Data section start

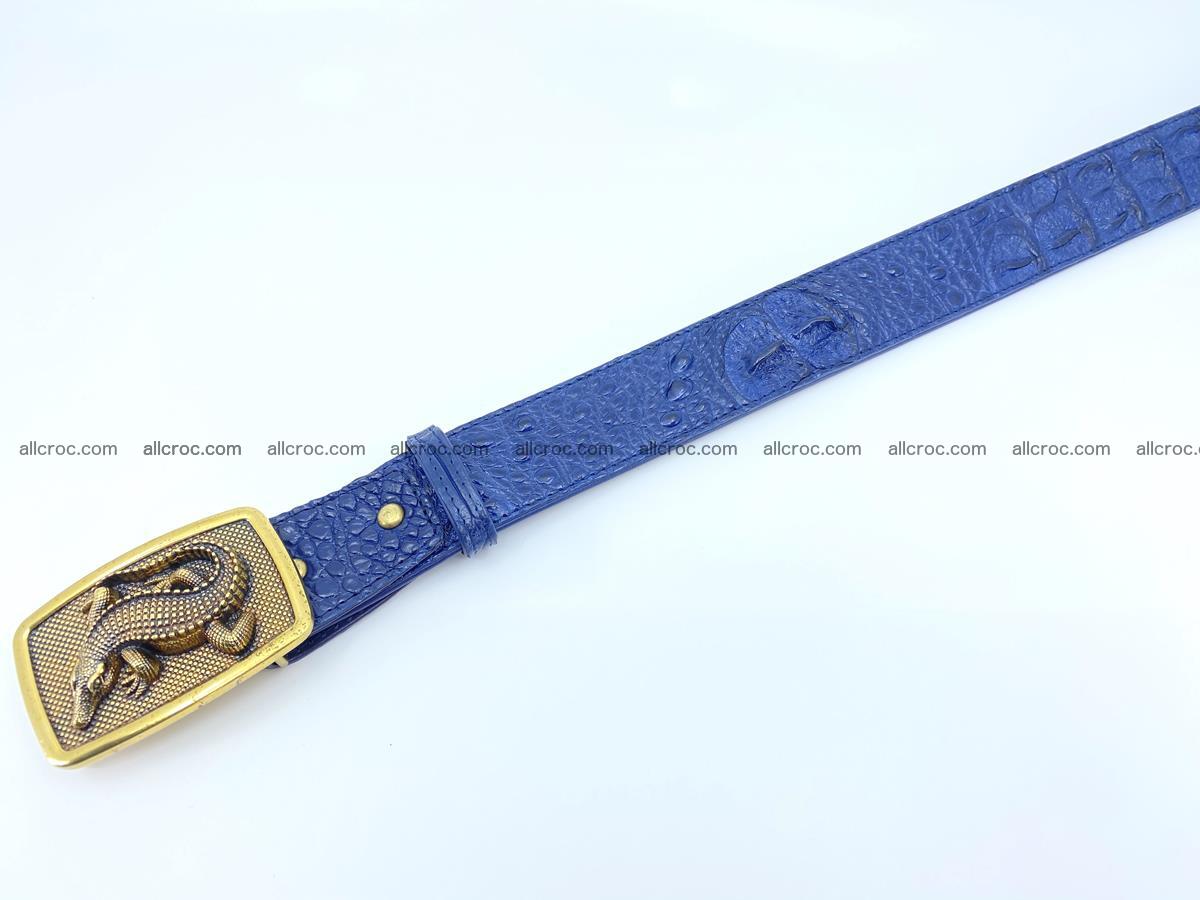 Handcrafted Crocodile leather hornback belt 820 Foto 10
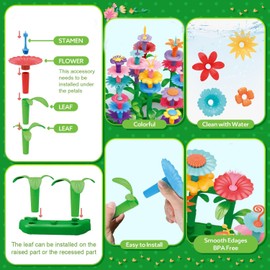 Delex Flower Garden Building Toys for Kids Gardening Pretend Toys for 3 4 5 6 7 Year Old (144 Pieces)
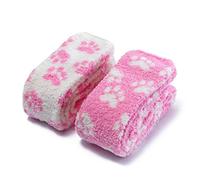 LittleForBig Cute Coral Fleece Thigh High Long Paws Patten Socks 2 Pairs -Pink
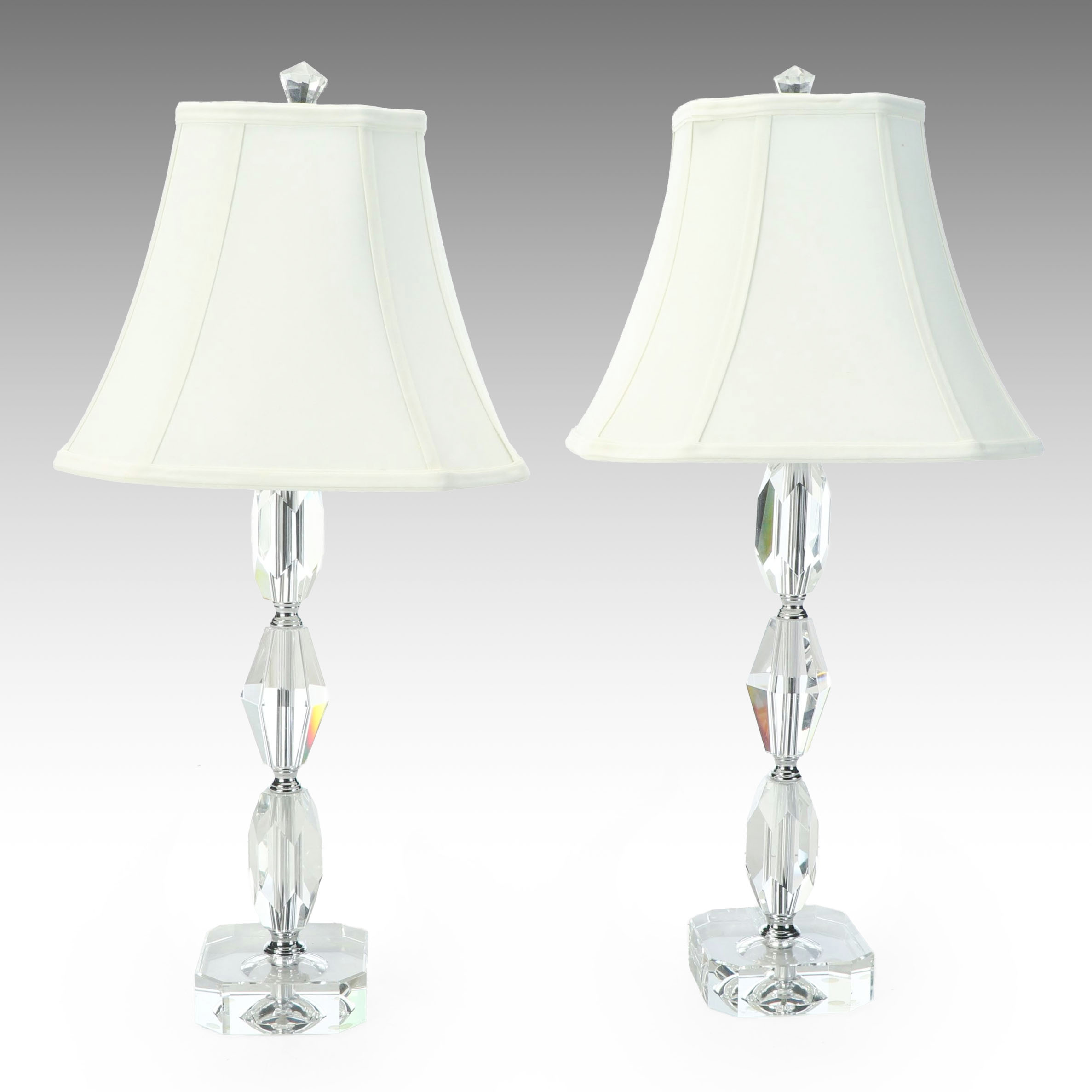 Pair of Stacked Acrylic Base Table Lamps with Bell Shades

Data section end

- [Problem to work on] In transcribing the material above, reproduce each line exactly and include none of the pictures.

- [Response area]
 Handcrafted Crocodile leather hornback belt 820 Foto 10
 Delex Flower Garden Building Toys for Kids Gardening Pretend Toys for 3 4 5 6 7 Year Old (144 Pieces)
 LittleForBig Cute Coral Fleece Thigh High Long Paws Patten Socks 2 Pairs -Pink
 Pair of Stacked Acrylic Base Table Lamps with Bell Shades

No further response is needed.